%%

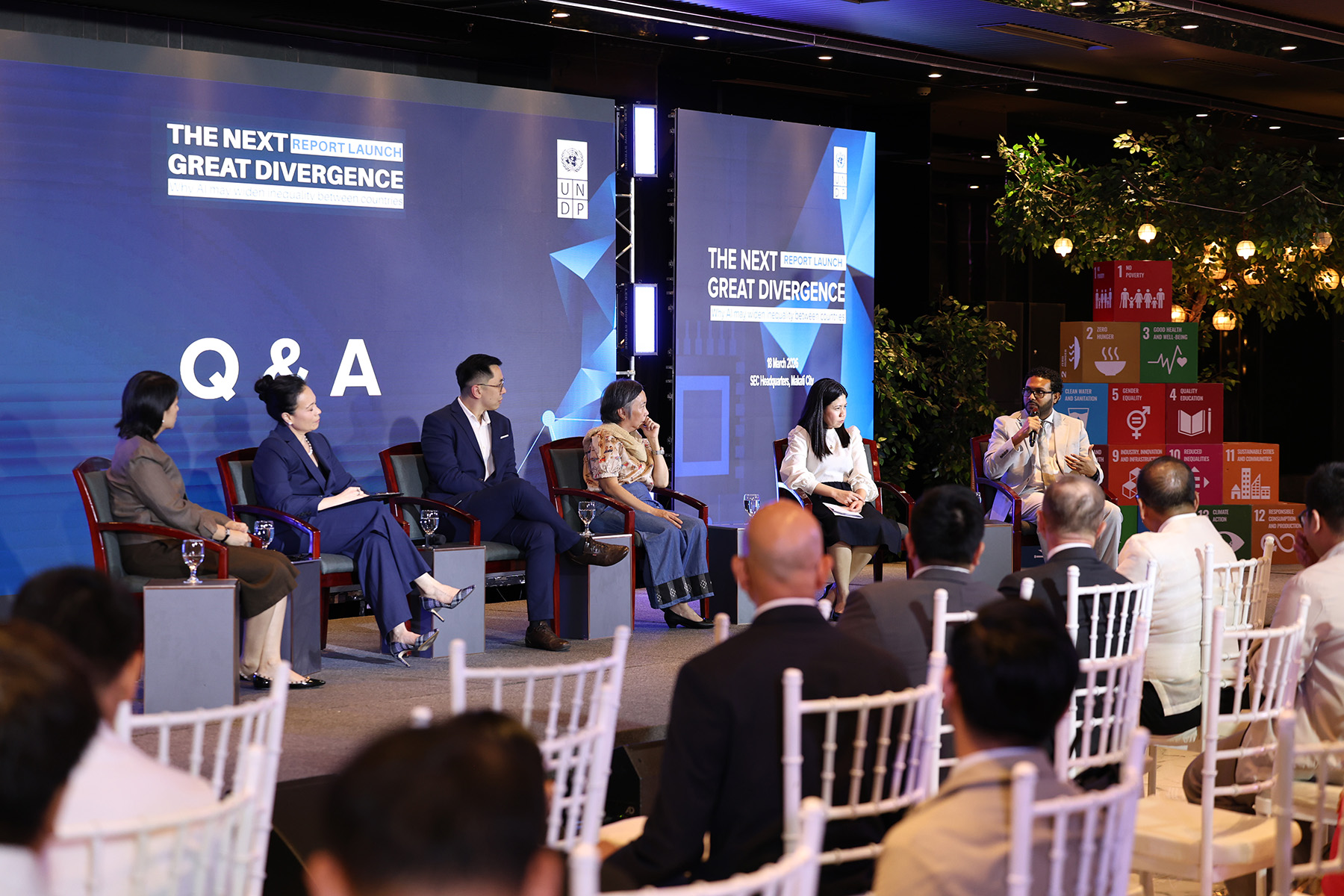 Panel discussion on stage with several speakers at a conference, blue lighting, audience seated.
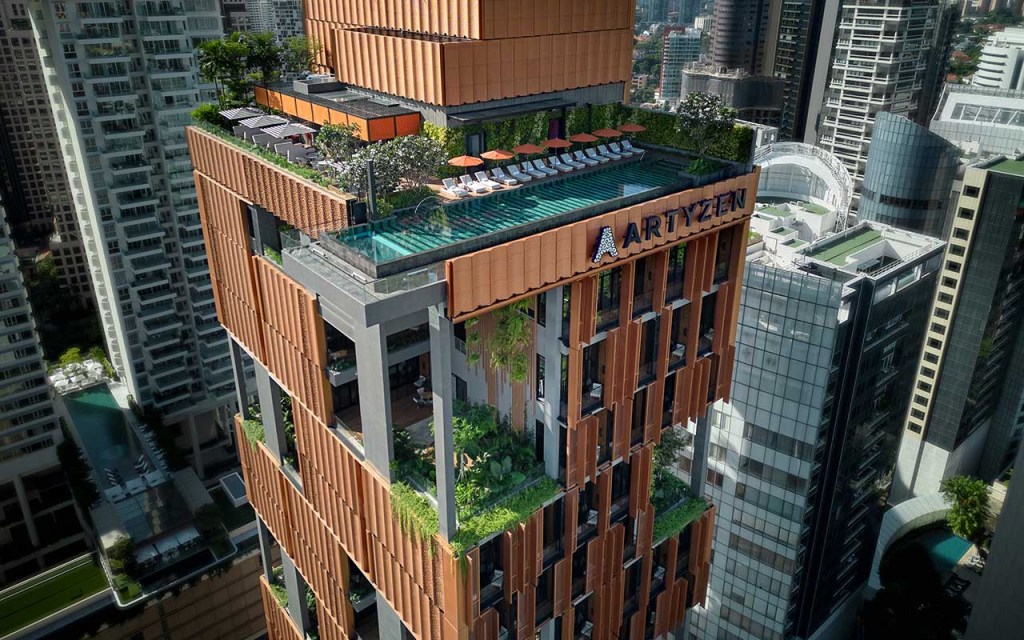 Hotel em Singapura destaca-se pelos grandes jardins verticais tropicais. Na foto, fachada de hotel com piscina e jardins.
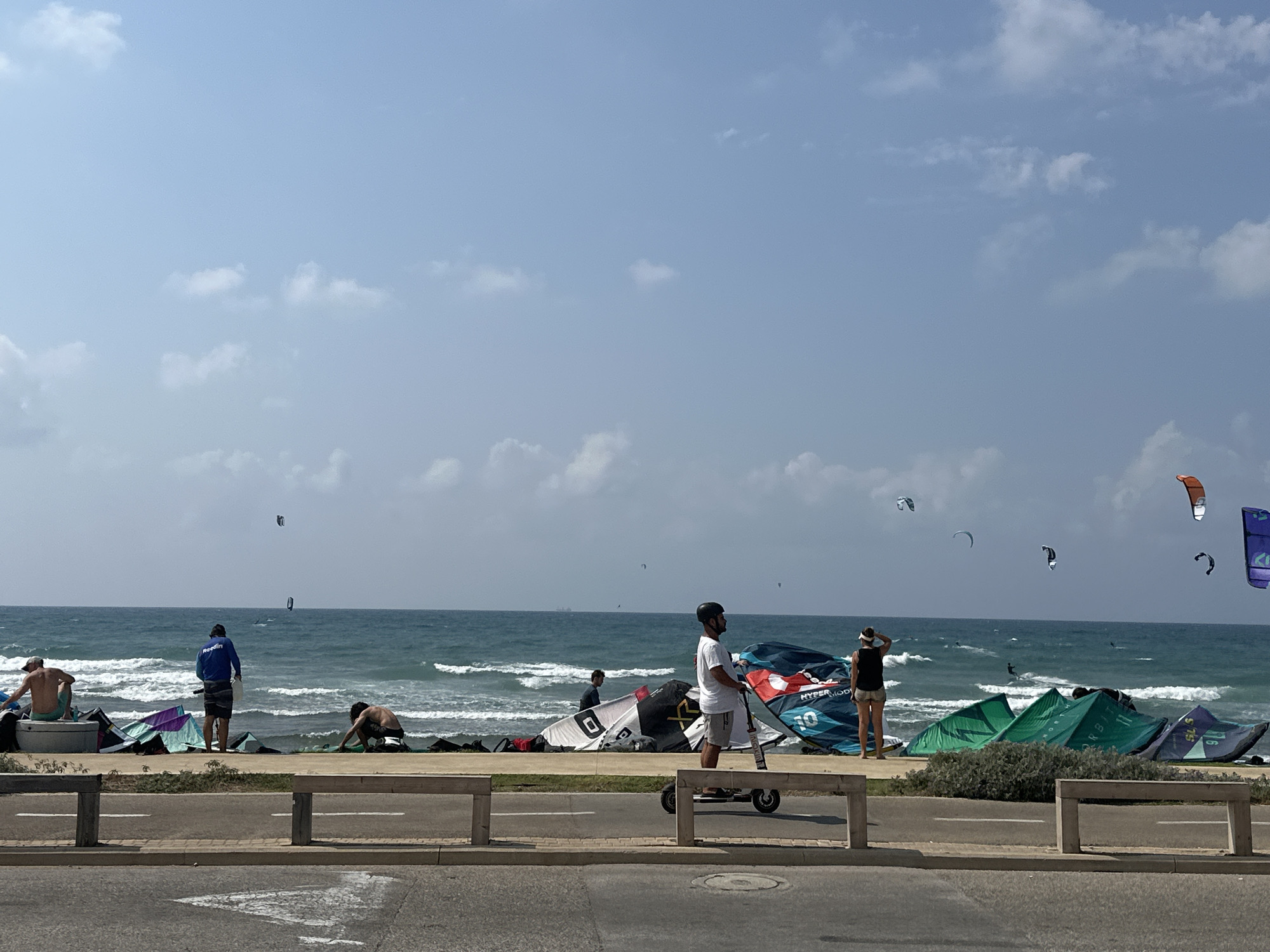 This image captures a breezy day at a beach in Haifa, Israel, likely on the Mediterranean coast. The scene is dominated by the sea and sky, with a clear blue sky dotted with scattered white clouds. The water is a deep blue, with white-capped waves indicating a moderate wind. A number of kite surfers are visible in the water, some actively engaged in their sport with colorful kites in the air, while others appear to be preparing or resting.
On the beach, several large kites are laid out on the sand, suggesting a kiteboarding or kitesurfing location. There are a few people on the beach, some of whom are involved with the kites, while others are observing the water. One person is standing on an electric scooter, facing the sea. The beach is bordered by a paved walkway and a barrier, suggesting it is a public area. The overall impression is one of a popular spot for water sports enthusiasts on a pleasant day.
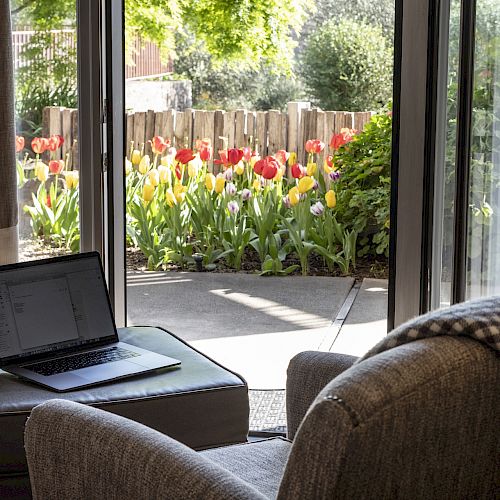 A cozy indoor corner with a chair, a plaid blanket, and a laptop on an ottoman. The open door reveals a garden with blooming tulips and greenery.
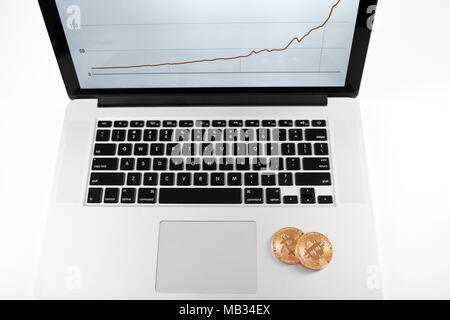 Zwei goldene Bitcoins auf Silber Laptop mit finanziellen Plan auf dem Bildschirm platziert. Cryptocurrency virtuelle digitale Geld web elektronische Währung blockchain zukünftige Trends innovative Business Mining Exchange Stockfoto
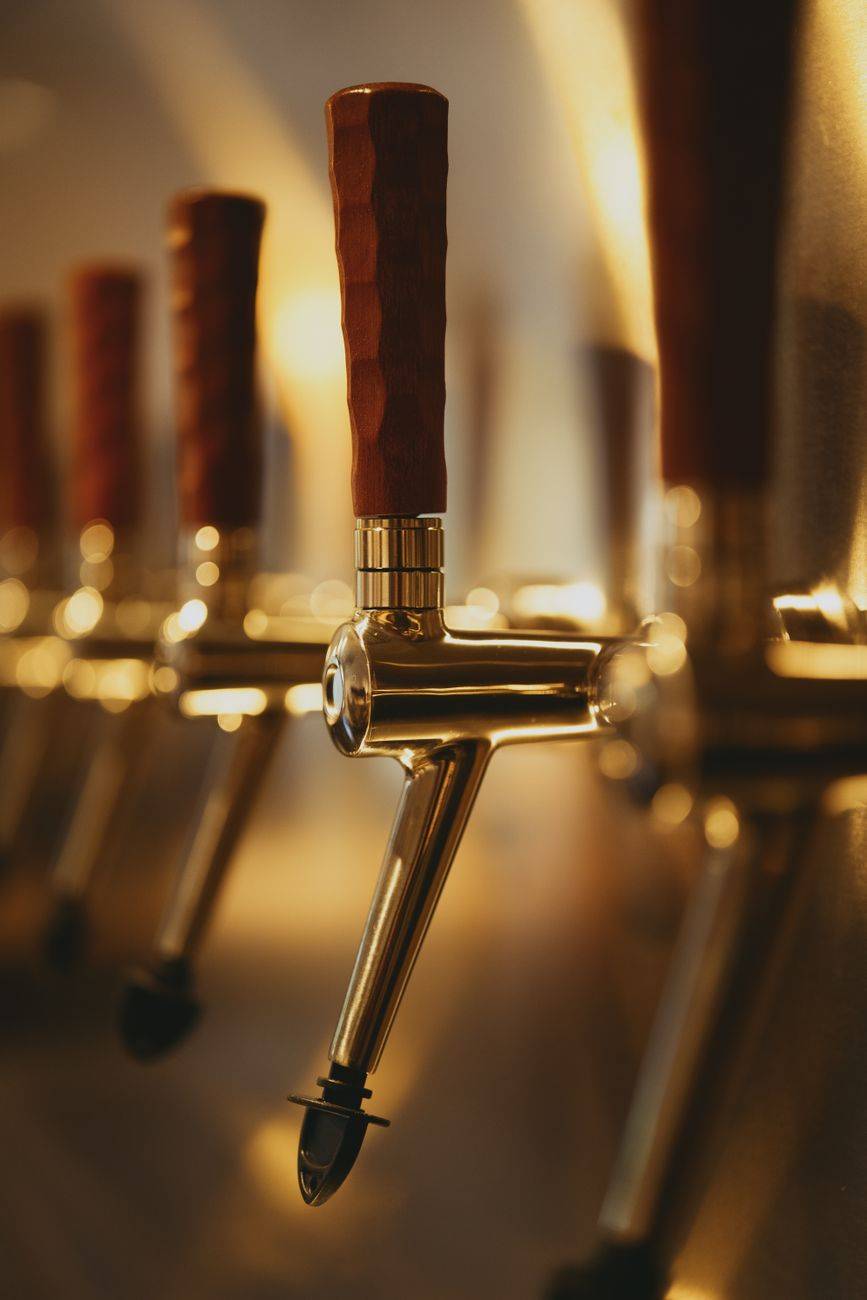 Artistic shot of beer tap handles with warm lighting, perfect for modern bar themes.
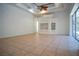 Spacious Gathering room with tile floors, built-in shelving, and access to pool area at 5038 Se 6Th Ave, Ocala, FL 34480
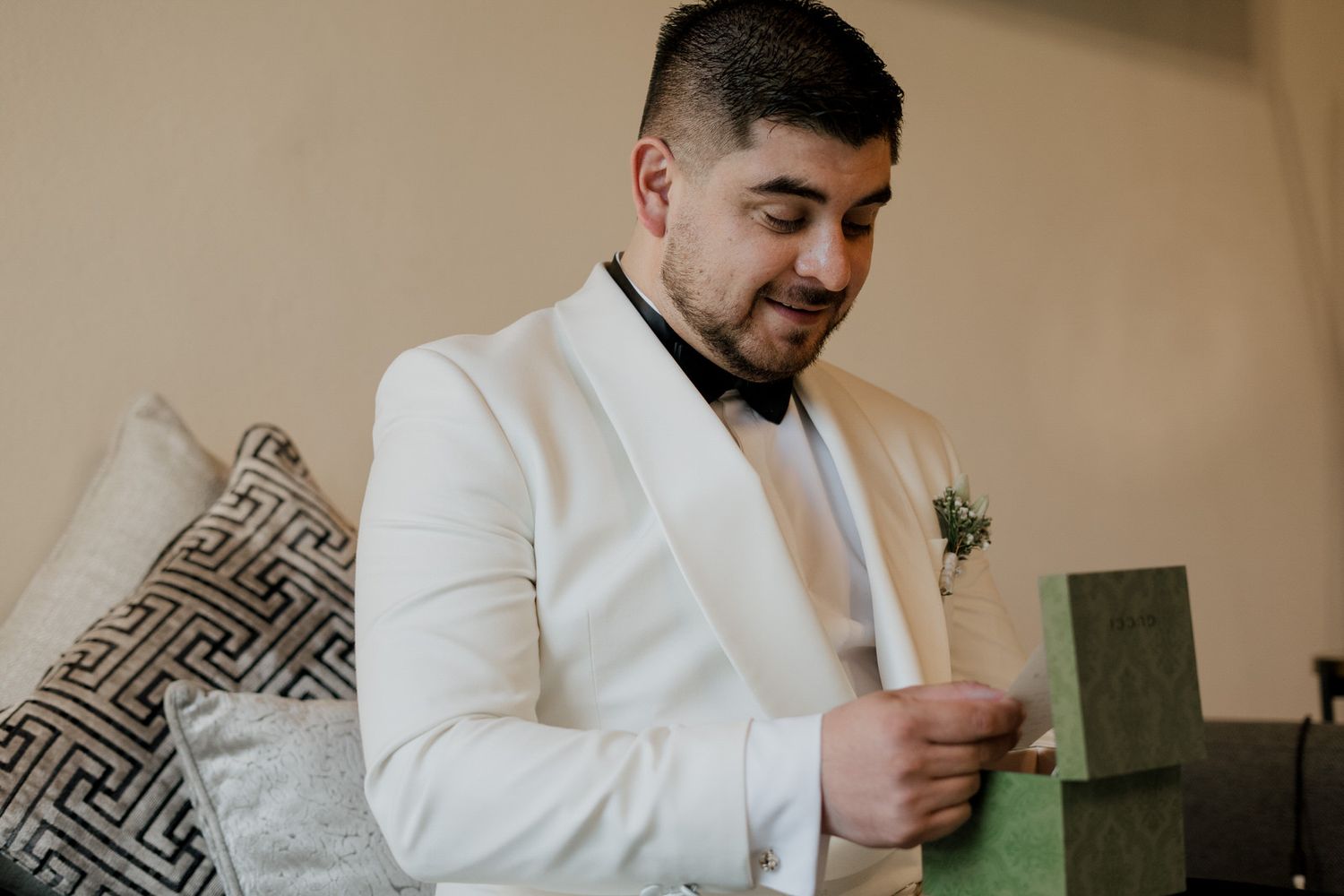 Person in crisp white tuxedo jacket examines small gift boxes while seated on couch.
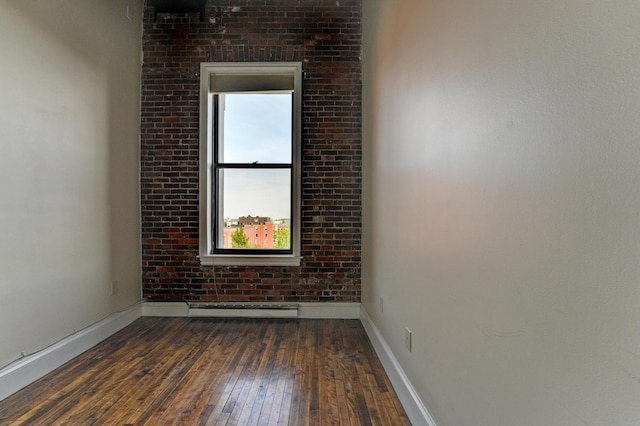 99 Silver St Unit 3-10, Portland, ME 04101 - empty room with hardwood / wood-style flooring, plenty of natural light, and baseboards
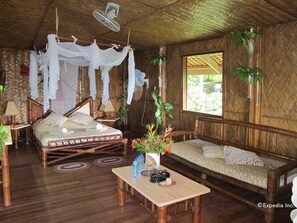 A traditional room with a bed, a sofa, a table, and a window. - Coco Beach Island Resort (Puerto Galera)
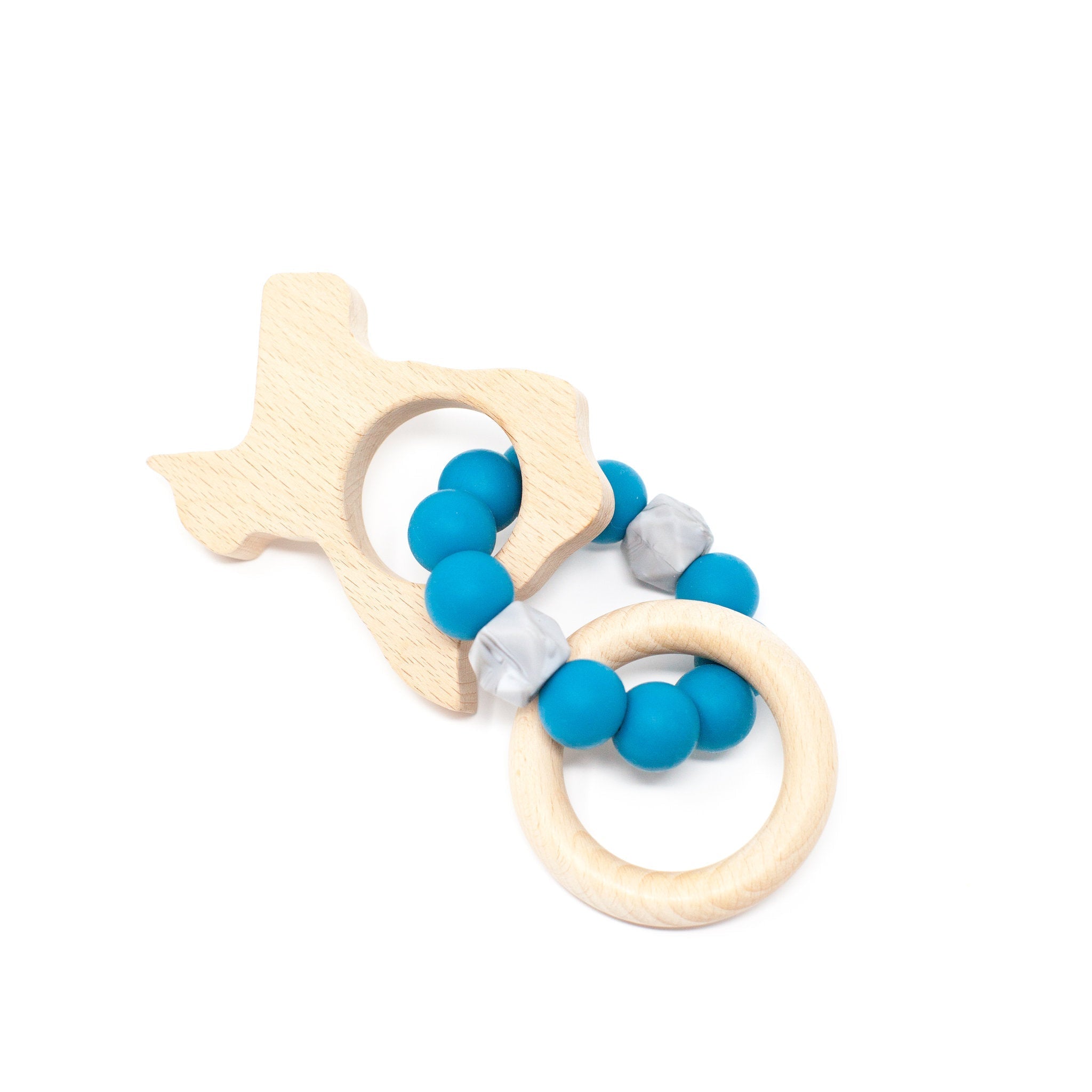 Wooden fish-shaped teether with blue silicone beads on a white background
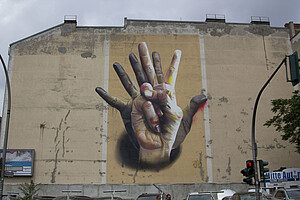 Ein Bild von zwei sich überlappenden Händen an einer Wand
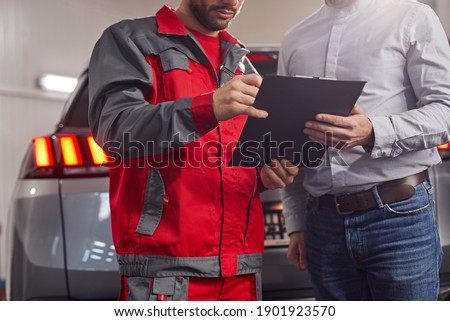 Similar – Image, Stock Photo Anonymous repairman examining car exhaust system in garage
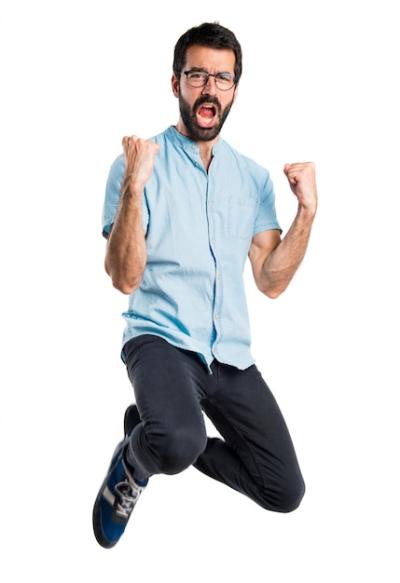 Handsome Man Jumping with Blue Glasses – Free Stock Photo for Download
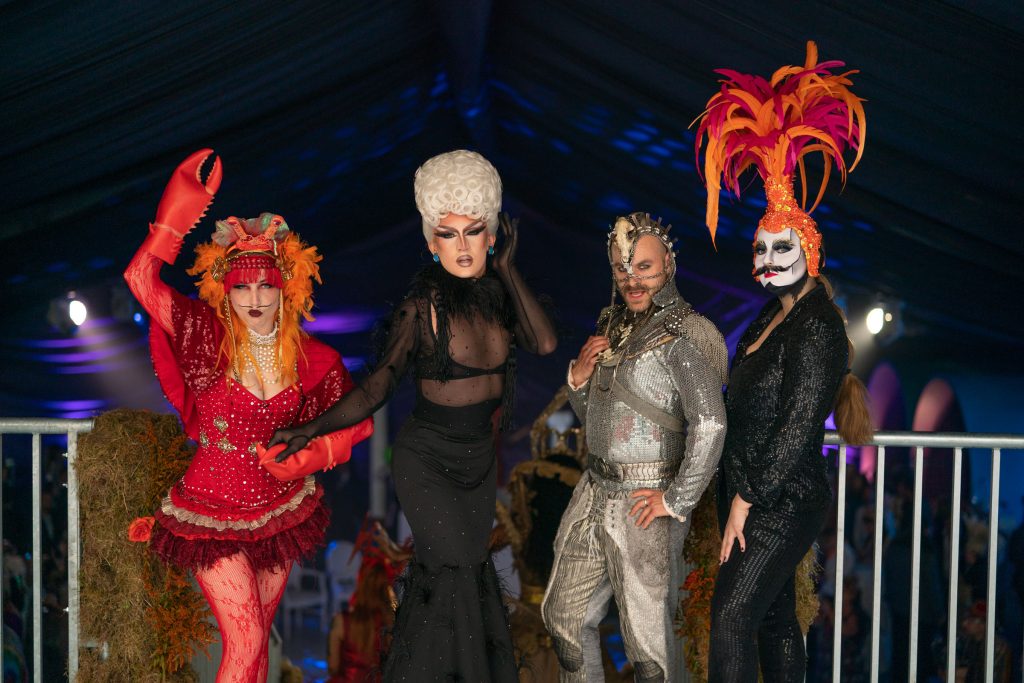 Four actors in surrealist costumes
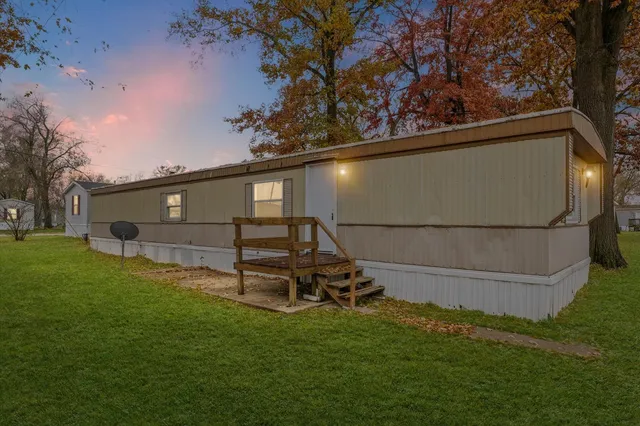 a view of backyard with a garden and deck
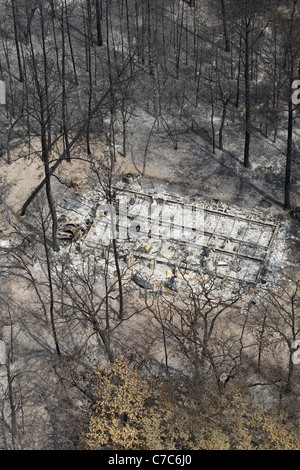 Antenna di wildfire danni nella contea di Bastrop, TX rappresenta il fondamento di bruciato home nella boscosa zona residenziale. Foto Stock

%%

The copy runs from the line containing "Spacious Gathering room" through the last line of the material, both ends included. Reproduce those lines exactly and drop the pictures.

 Spacious Gathering room with tile floors, built-in shelving, and access to pool area at 5038 Se 6Th Ave, Ocala, FL 34480
 Person in crisp white tuxedo jacket examines small gift boxes while seated on couch.
 99 Silver St Unit 3-10, Portland, ME 04101 - empty room with hardwood / wood-style flooring, plenty of natural light, and baseboards
 A traditional room with a bed, a sofa, a table, and a window. - Coco Beach Island Resort (Puerto Galera)
 Wooden fish-shaped teether with blue silicone beads on a white background
 Ein Bild von zwei sich überlappenden Händen an einer Wand
 Similar – Image, Stock Photo Anonymous repairman examining car exhaust system in garage
 Handsome Man Jumping with Blue Glasses – Free Stock Photo for Download
 Four actors in surrealist costumes
 a view of backyard with a garden and deck
 Antenna di wildfire danni nella contea di Bastrop, TX rappresenta il fondamento di bruciato home nella boscosa zona residenziale. Foto Stock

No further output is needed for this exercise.